Exercise instructions →
Your answer must be an exact copy of the records, with no pictures included.

[The input]

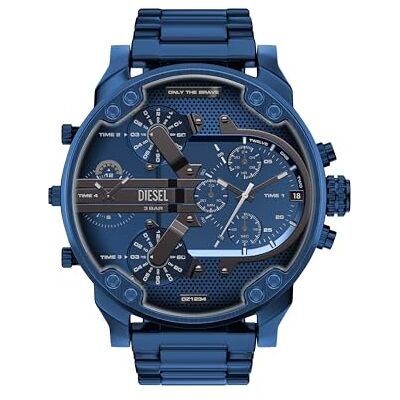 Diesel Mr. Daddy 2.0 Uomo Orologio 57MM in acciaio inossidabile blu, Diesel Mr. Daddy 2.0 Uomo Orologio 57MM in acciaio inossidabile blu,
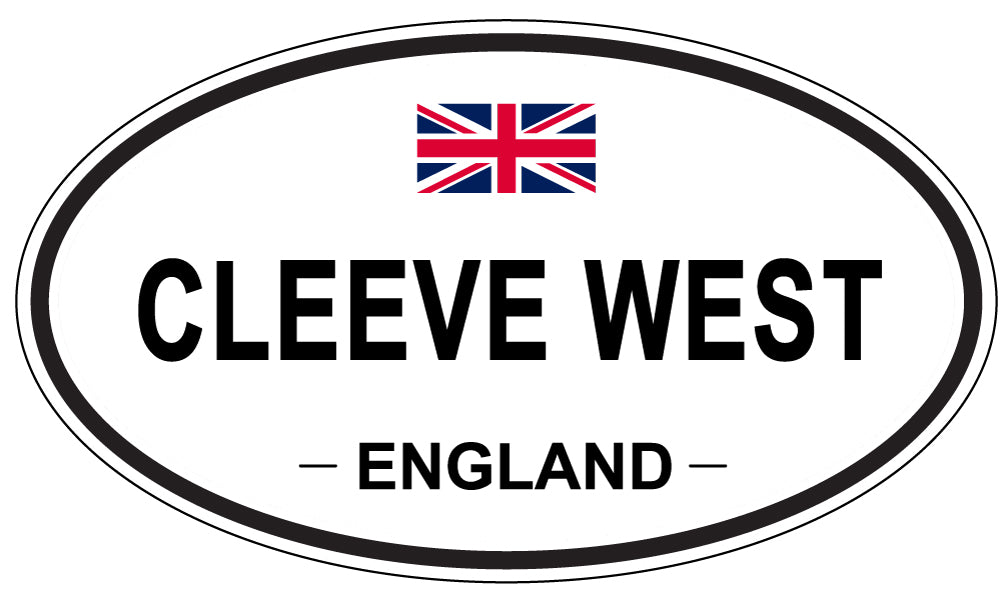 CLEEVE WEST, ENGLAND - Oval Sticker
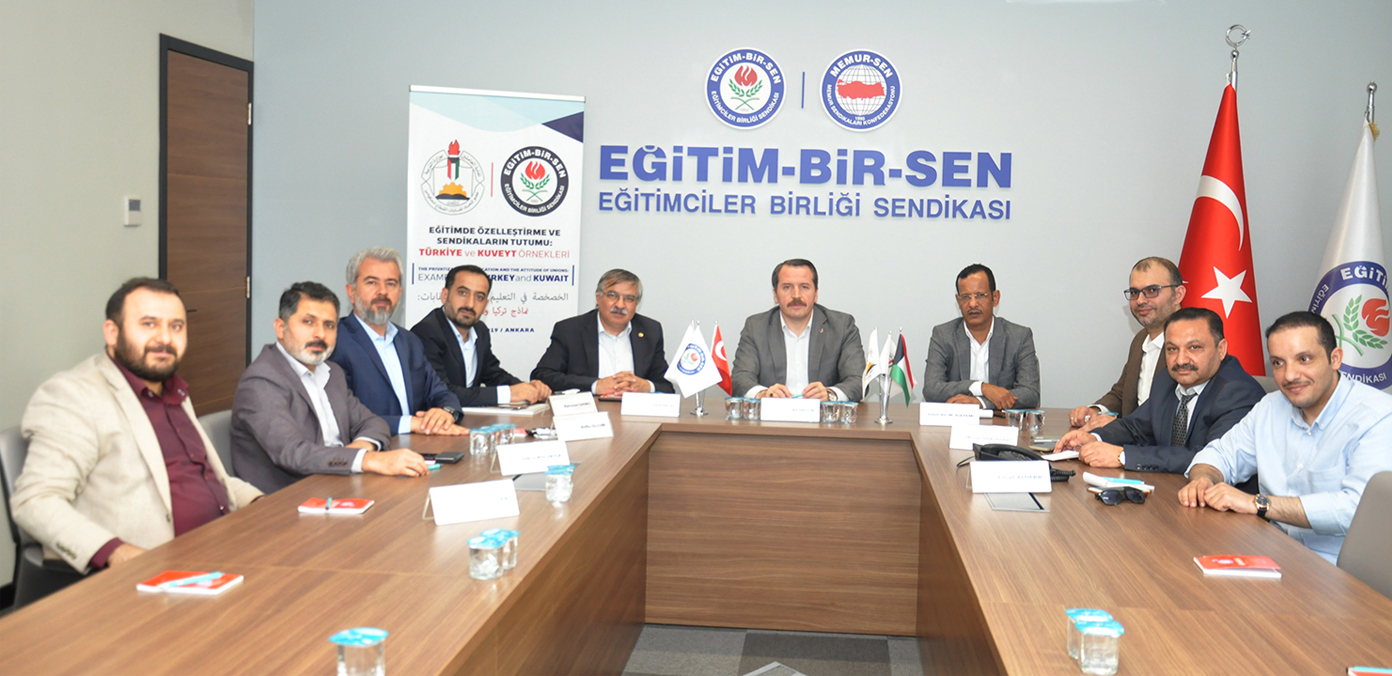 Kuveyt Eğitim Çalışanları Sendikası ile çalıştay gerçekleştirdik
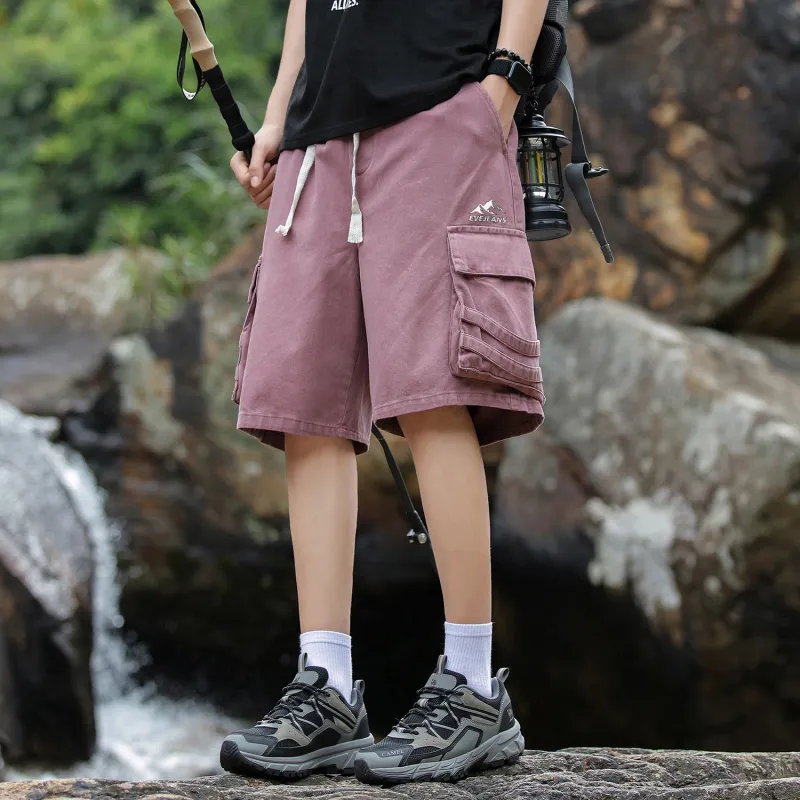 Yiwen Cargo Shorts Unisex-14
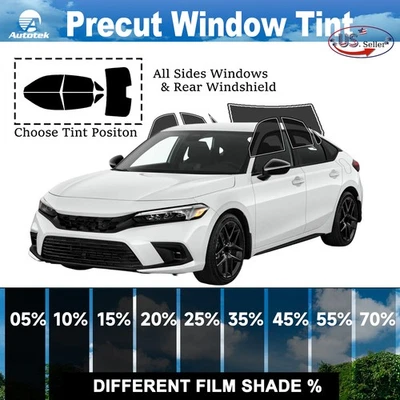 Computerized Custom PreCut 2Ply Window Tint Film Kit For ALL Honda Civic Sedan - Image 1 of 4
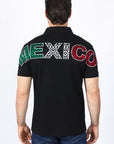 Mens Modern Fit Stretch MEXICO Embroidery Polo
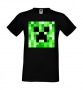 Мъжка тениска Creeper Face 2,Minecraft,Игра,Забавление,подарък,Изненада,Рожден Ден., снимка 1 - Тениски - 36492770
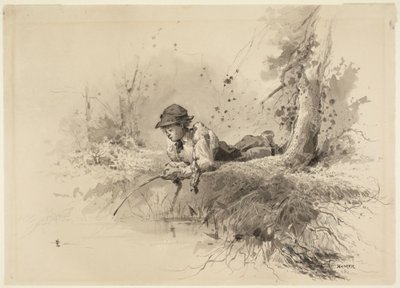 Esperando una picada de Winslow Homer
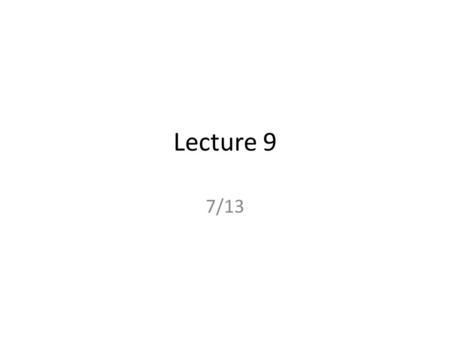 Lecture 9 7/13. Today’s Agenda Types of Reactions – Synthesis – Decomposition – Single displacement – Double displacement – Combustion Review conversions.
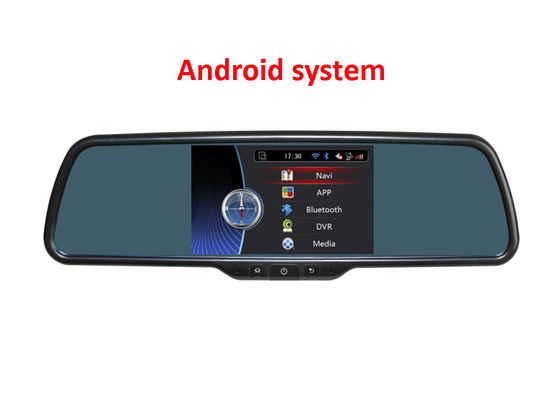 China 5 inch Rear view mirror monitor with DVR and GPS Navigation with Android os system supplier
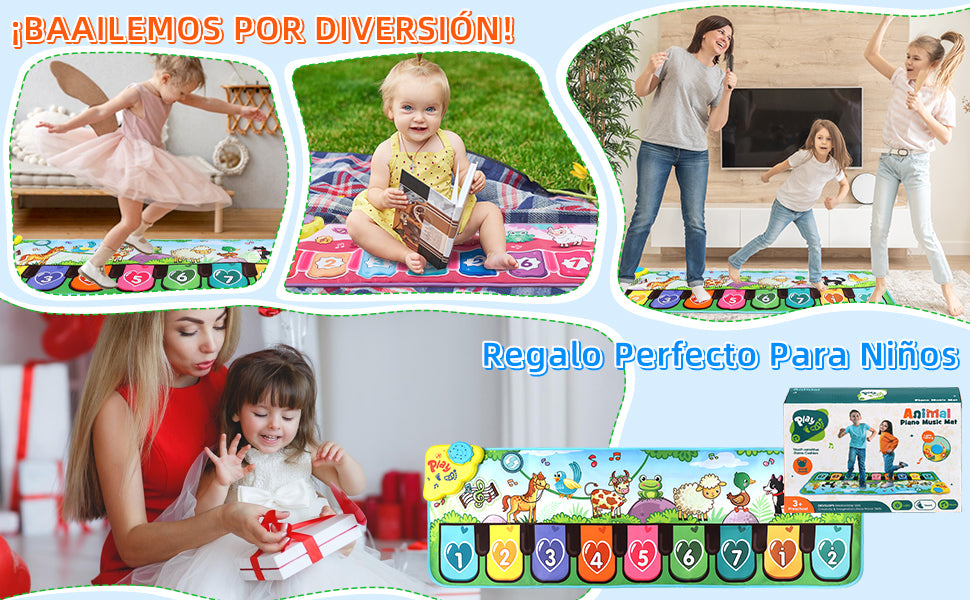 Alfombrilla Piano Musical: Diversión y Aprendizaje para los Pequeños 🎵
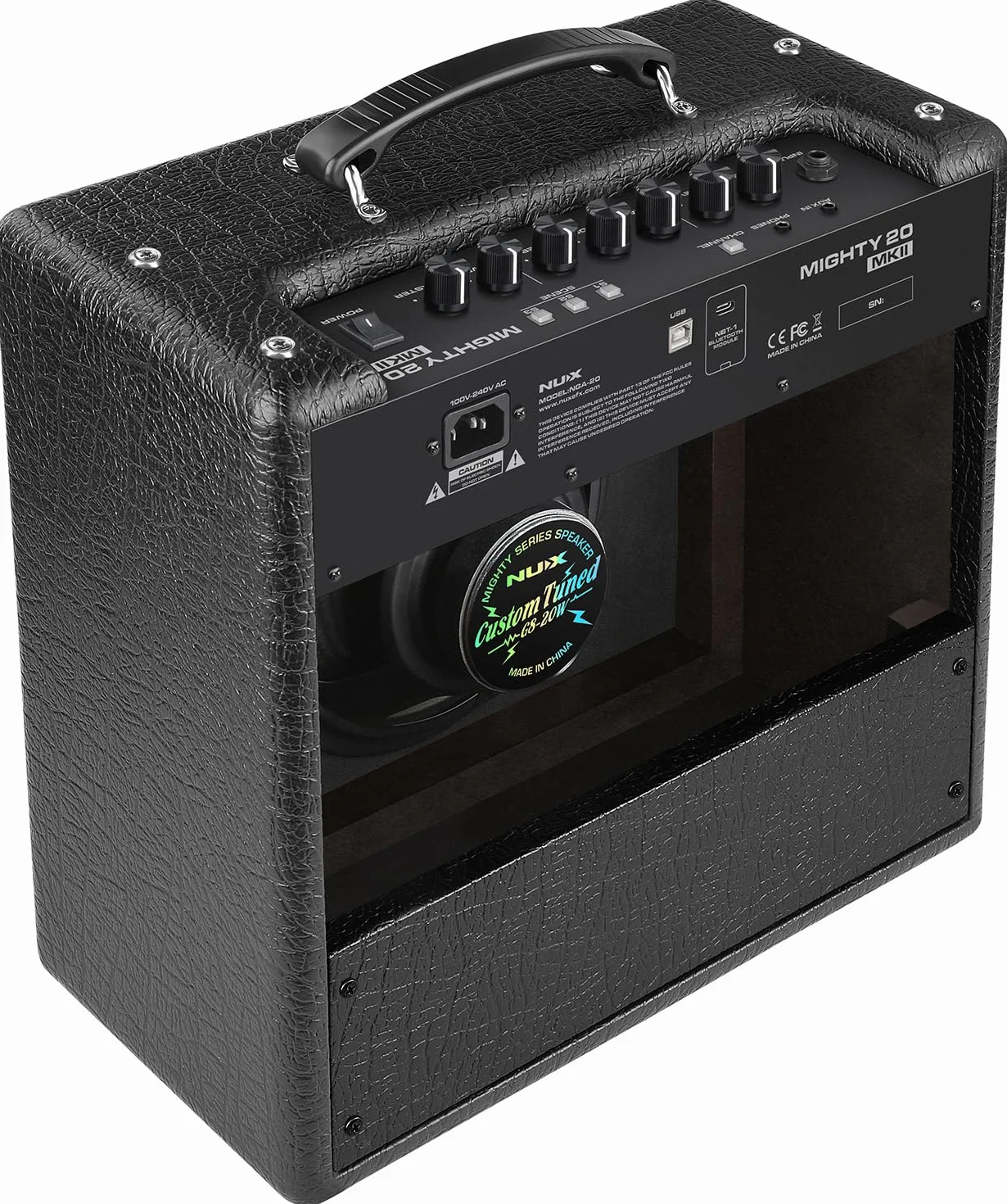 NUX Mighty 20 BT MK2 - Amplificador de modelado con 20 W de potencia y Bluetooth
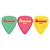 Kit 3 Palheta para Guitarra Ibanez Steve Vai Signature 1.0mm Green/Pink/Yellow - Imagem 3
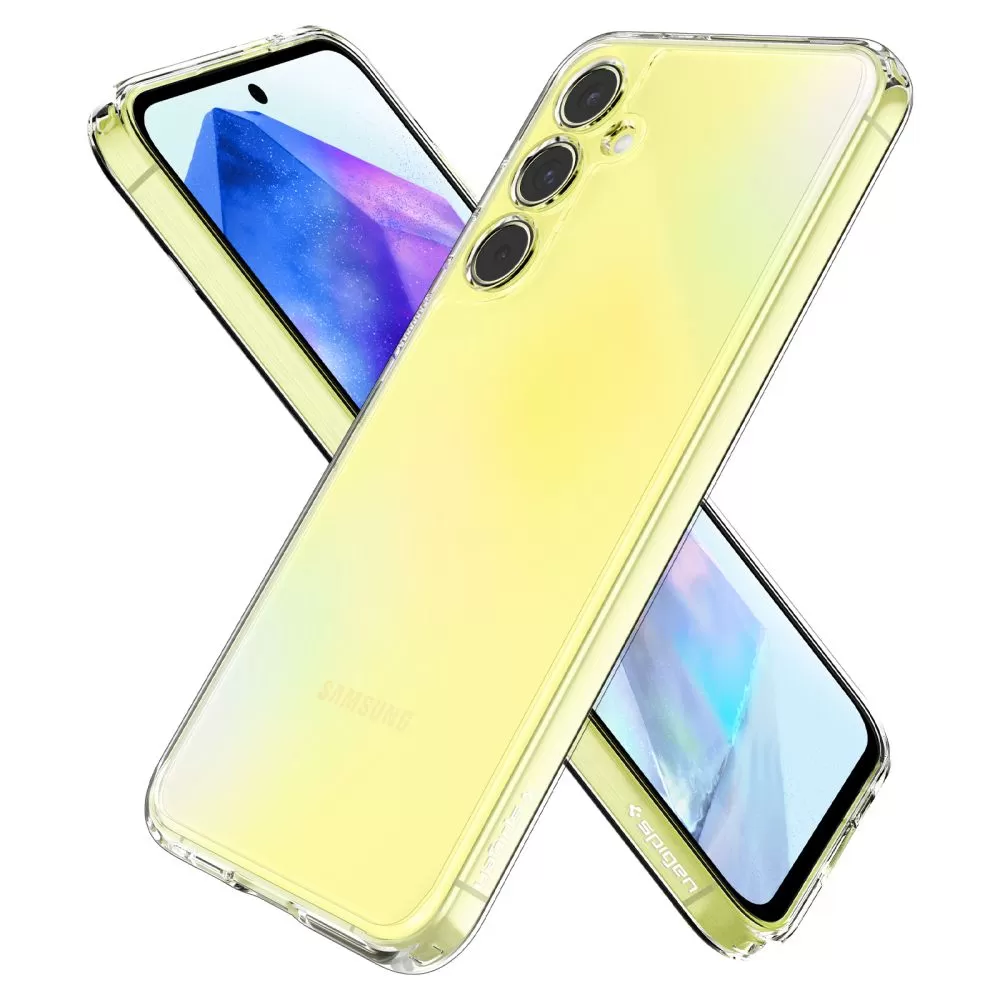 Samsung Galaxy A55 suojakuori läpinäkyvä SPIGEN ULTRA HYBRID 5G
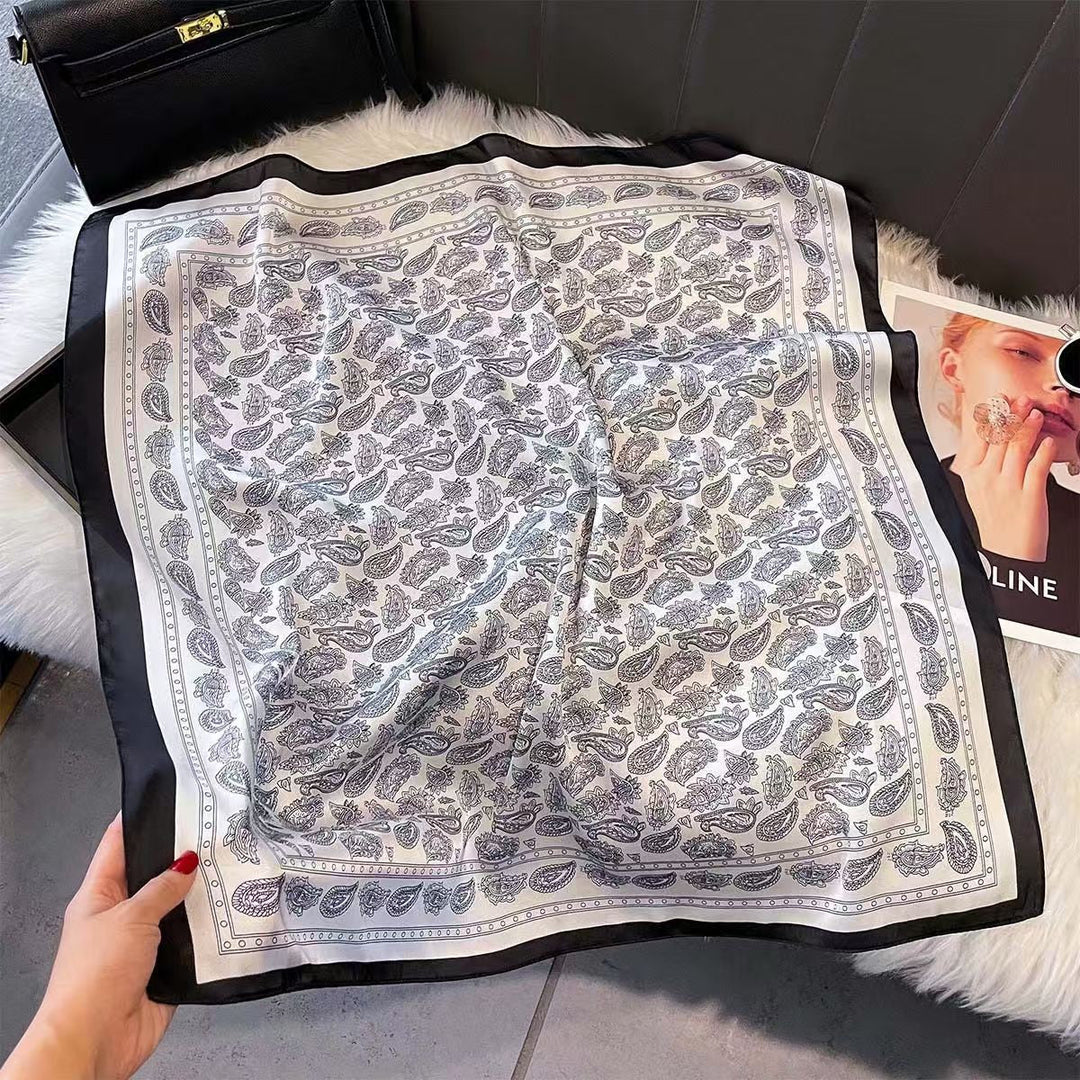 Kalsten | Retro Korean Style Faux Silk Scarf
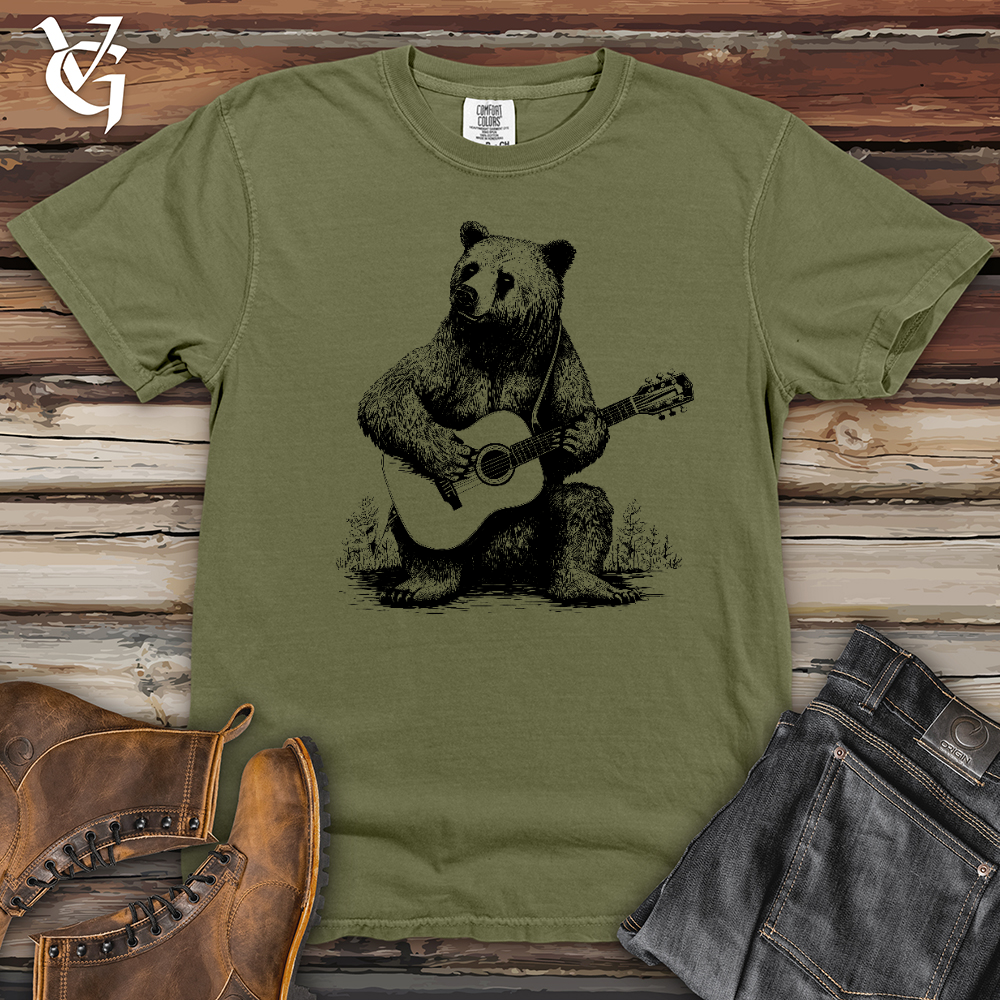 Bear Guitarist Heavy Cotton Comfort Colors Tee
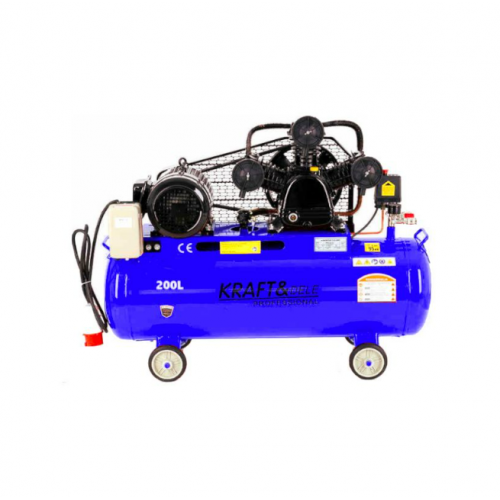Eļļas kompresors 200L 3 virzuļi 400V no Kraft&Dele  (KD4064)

[/The input]

Solution to this task →
 Diesel Mr. Daddy 2.0 Uomo Orologio 57MM in acciaio inossidabile blu, Diesel Mr. Daddy 2.0 Uomo Orologio 57MM in acciaio inossidabile blu,
 CLEEVE WEST, ENGLAND - Oval Sticker
 Kuveyt Eğitim Çalışanları Sendikası ile çalıştay gerçekleştirdik
 Yiwen Cargo Shorts Unisex-14
 Computerized Custom PreCut 2Ply Window Tint Film Kit For ALL Honda Civic Sedan - Image 1 of 4
 Mens Modern Fit Stretch MEXICO Embroidery Polo
 Мъжка тениска Creeper Face 2,Minecraft,Игра,Забавление,подарък,Изненада,Рожден Ден., снимка 1 - Тениски - 36492770
 Esperando una picada de Winslow Homer
 Lecture 9 7/13. Today’s Agenda Types of Reactions – Synthesis – Decomposition – Single displacement – Double displacement – Combustion Review conversions.
 China 5 inch Rear view mirror monitor with DVR and GPS Navigation with Android os system supplier
 Alfombrilla Piano Musical: Diversión y Aprendizaje para los Pequeños 🎵
 NUX Mighty 20 BT MK2 - Amplificador de modelado con 20 W de potencia y Bluetooth
 Kit 3 Palheta para Guitarra Ibanez Steve Vai Signature 1.0mm Green/Pink/Yellow - Imagem 3
 Samsung Galaxy A55 suojakuori läpinäkyvä SPIGEN ULTRA HYBRID 5G
 Kalsten | Retro Korean Style Faux Silk Scarf
 Bear Guitarist Heavy Cotton Comfort Colors Tee
Eļļas kompresors 200L 3 virzuļi 400V no Kraft&Dele  (KD4064)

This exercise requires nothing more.